(ABOUT THIS EXERCISE): Using the listing below, set down exactly the lines from the one that contains "This next one" through the one that contains "Chevrolet's stylish compact", with no pictures.

(SOURCE DATA):
┌────────

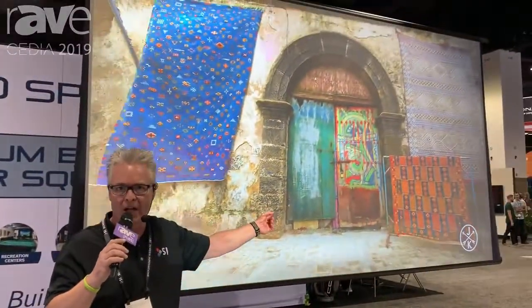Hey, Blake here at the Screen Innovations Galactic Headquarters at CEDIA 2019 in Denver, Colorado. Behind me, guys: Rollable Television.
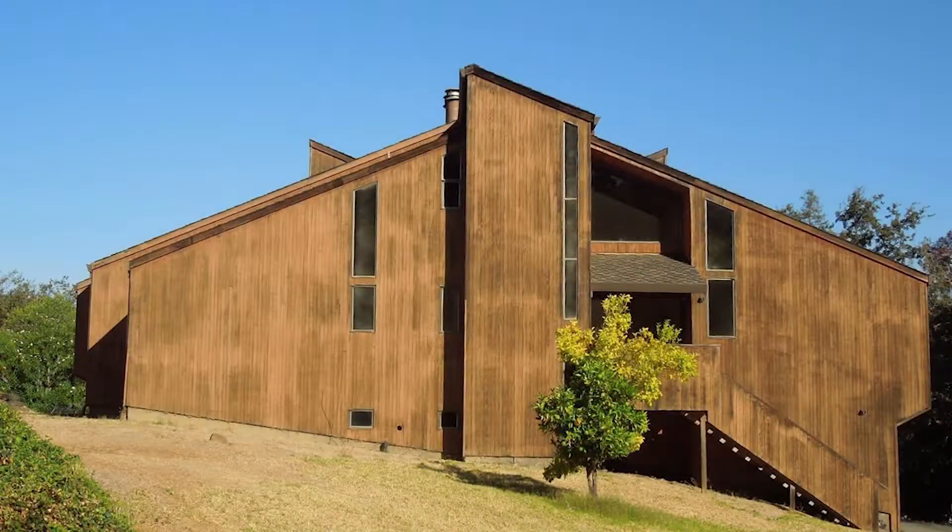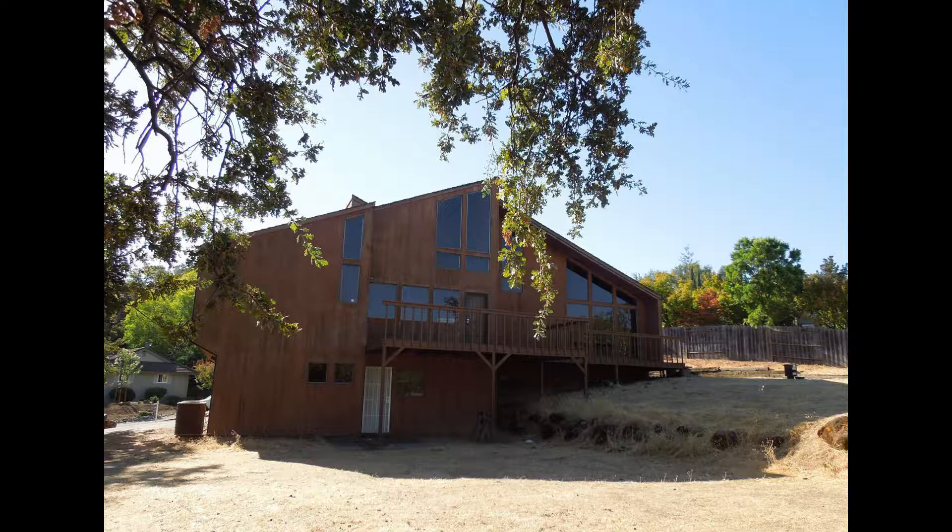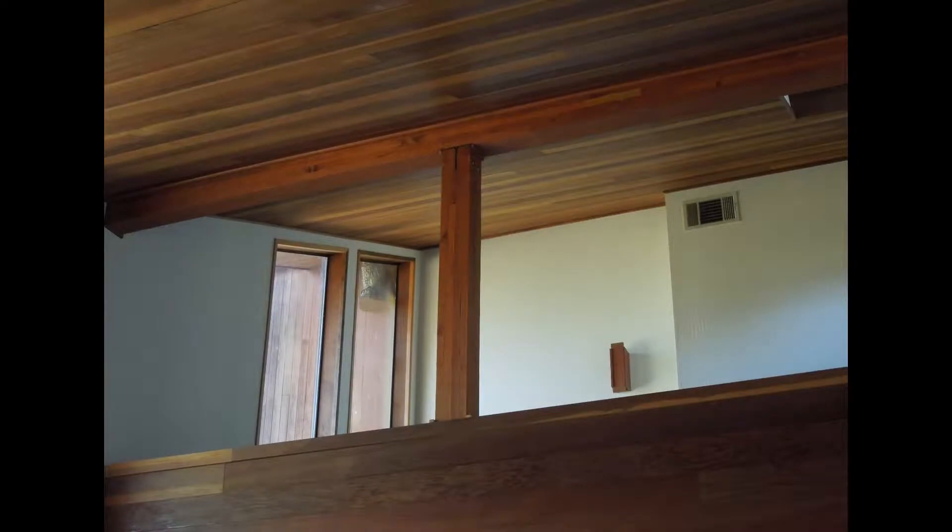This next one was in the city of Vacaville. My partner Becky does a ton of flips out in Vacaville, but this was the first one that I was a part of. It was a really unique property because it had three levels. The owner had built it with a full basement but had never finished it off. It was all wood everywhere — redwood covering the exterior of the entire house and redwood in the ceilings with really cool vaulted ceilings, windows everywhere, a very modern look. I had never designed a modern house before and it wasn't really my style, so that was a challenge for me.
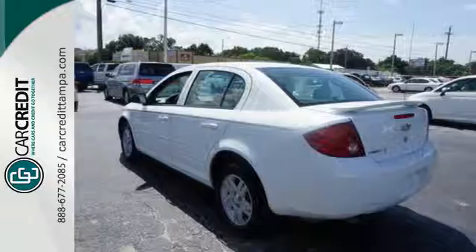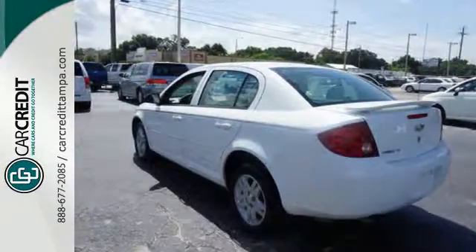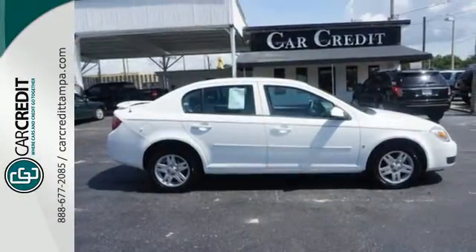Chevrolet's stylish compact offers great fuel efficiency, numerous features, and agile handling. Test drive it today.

└────────
┌────────

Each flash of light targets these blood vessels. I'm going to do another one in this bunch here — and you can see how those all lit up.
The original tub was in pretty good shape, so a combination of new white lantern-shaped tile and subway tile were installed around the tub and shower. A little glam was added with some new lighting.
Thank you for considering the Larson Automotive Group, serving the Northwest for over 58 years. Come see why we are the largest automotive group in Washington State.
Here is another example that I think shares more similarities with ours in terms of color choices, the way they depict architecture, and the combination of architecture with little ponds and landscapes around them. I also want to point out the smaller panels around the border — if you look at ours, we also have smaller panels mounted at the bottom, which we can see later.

└────────

(EXERCISE ANSWER):
This next one was in the city of Vacaville. My partner Becky does a ton of flips out in Vacaville, but this was the first one that I was a part of. It was a really unique property because it had three levels. The owner had built it with a full basement but had never finished it off. It was all wood everywhere — redwood covering the exterior of the entire house and redwood in the ceilings with really cool vaulted ceilings, windows everywhere, a very modern look. I had never designed a modern house before and it wasn't really my style, so that was a challenge for me.
Chevrolet's stylish compact offers great fuel efficiency, numerous features, and agile handling. Test drive it today.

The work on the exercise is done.